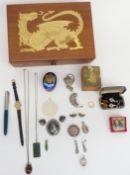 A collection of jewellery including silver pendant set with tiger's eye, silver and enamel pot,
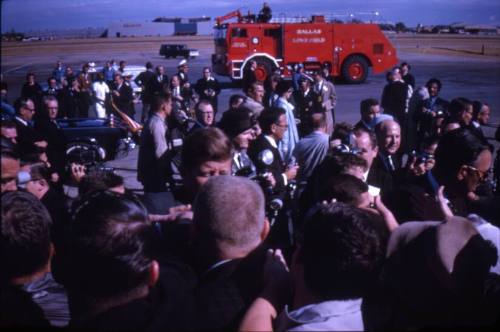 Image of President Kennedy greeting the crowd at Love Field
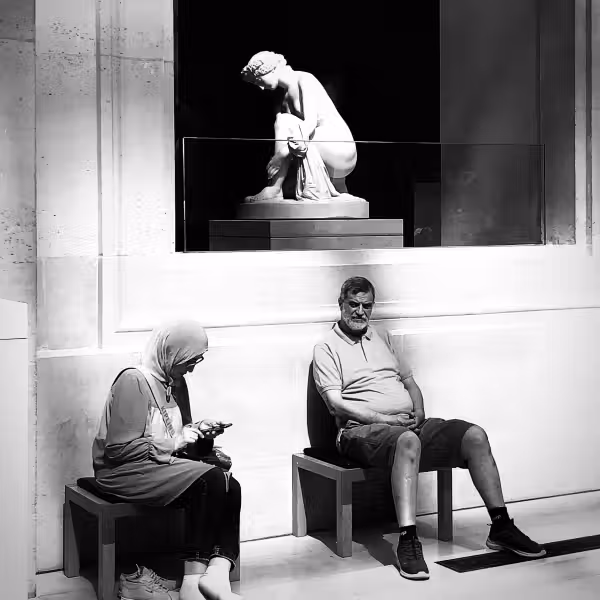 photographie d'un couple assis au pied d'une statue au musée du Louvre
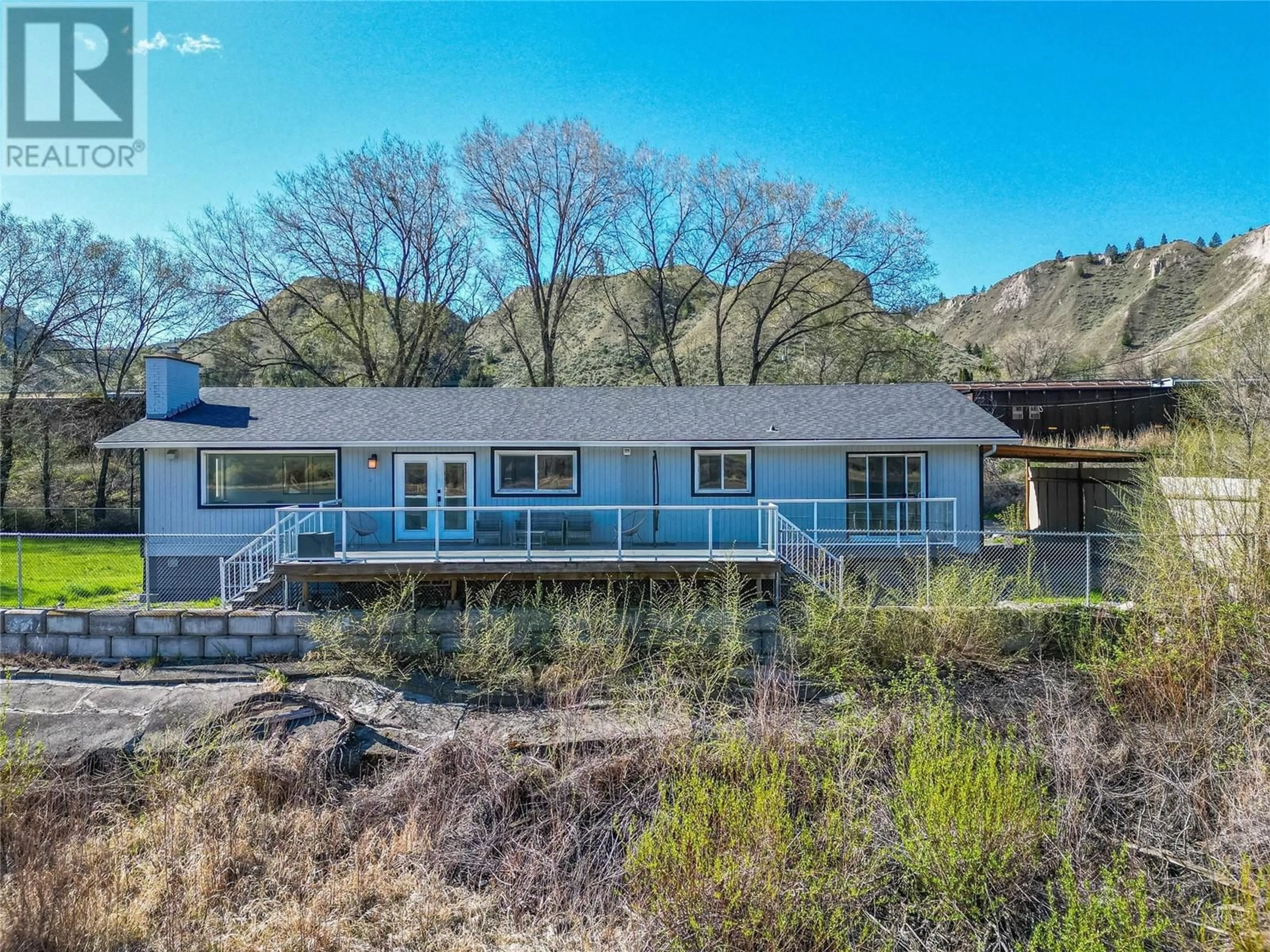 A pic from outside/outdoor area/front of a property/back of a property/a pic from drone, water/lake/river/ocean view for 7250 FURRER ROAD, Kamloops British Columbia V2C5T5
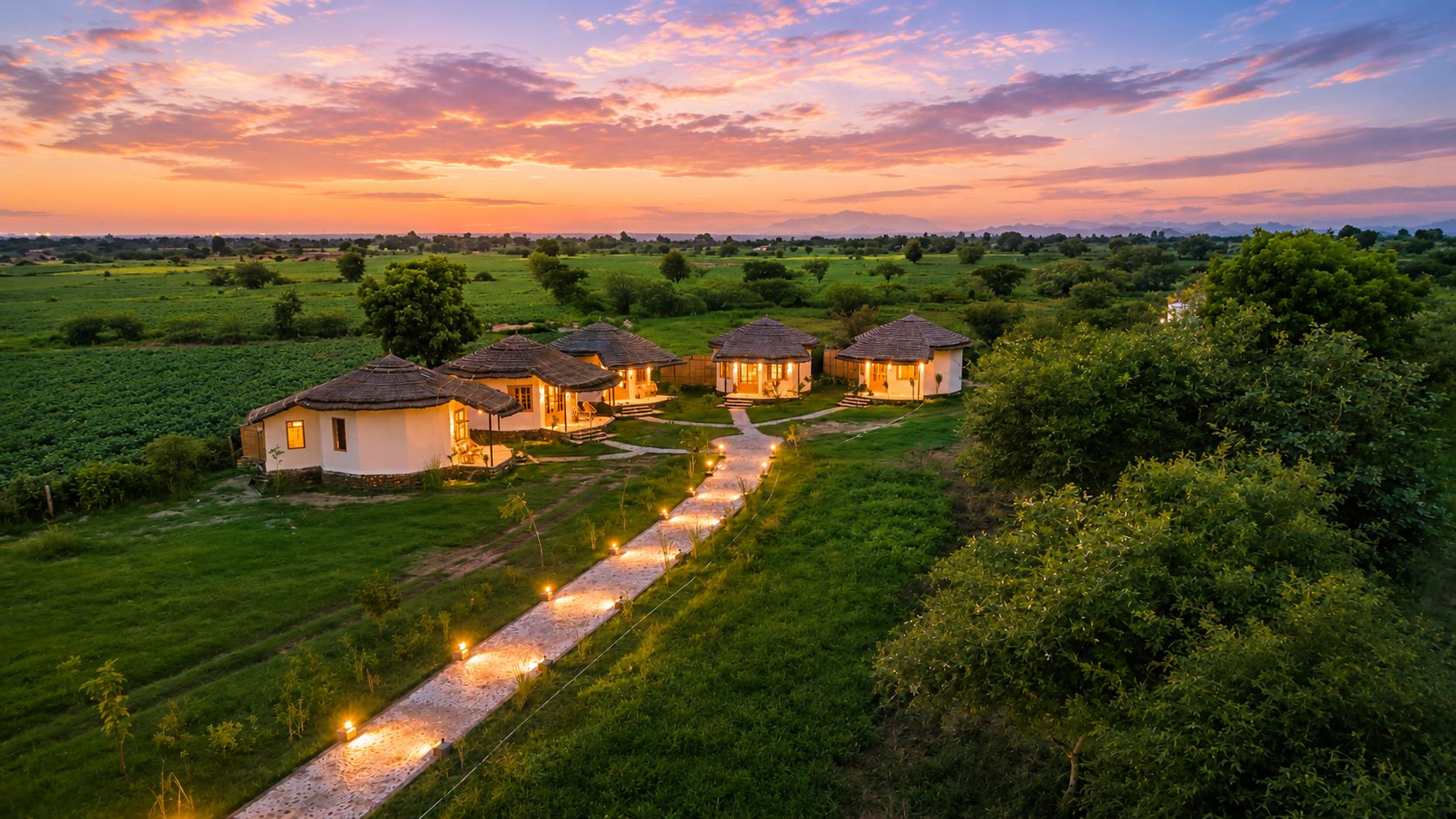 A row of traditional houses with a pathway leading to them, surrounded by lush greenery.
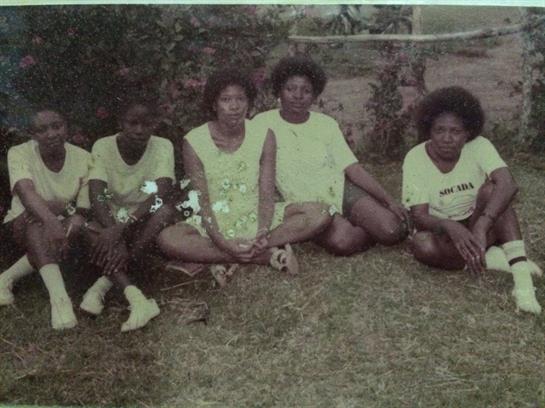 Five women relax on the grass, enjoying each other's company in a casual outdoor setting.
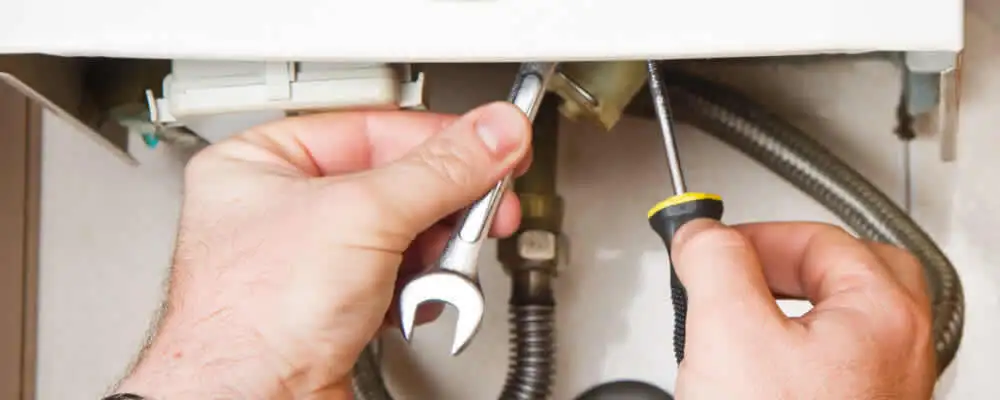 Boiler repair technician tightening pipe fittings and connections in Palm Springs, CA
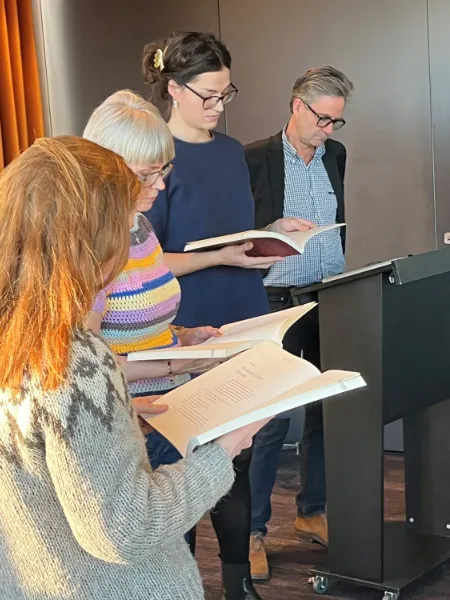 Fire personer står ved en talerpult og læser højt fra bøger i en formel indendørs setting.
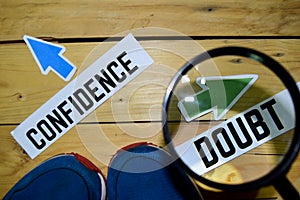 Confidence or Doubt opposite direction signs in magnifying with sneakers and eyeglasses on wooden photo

###

◆ **Work request**:
Please retype the records above exactly, excluding every picture.

◆ **Reply**:
 A collection of jewellery including silver pendant set with tiger's eye, silver and enamel pot,
 Image of President Kennedy greeting the crowd at Love Field
 photographie d'un couple assis au pied d'une statue au musée du Louvre
 A pic from outside/outdoor area/front of a property/back of a property/a pic from drone, water/lake/river/ocean view for 7250 FURRER ROAD, Kamloops British Columbia V2C5T5
 A row of traditional houses with a pathway leading to them, surrounded by lush greenery.
 Five women relax on the grass, enjoying each other's company in a casual outdoor setting.
 Boiler repair technician tightening pipe fittings and connections in Palm Springs, CA
 Fire personer står ved en talerpult og læser højt fra bøger i en formel indendørs setting.
 Confidence or Doubt opposite direction signs in magnifying with sneakers and eyeglasses on wooden photo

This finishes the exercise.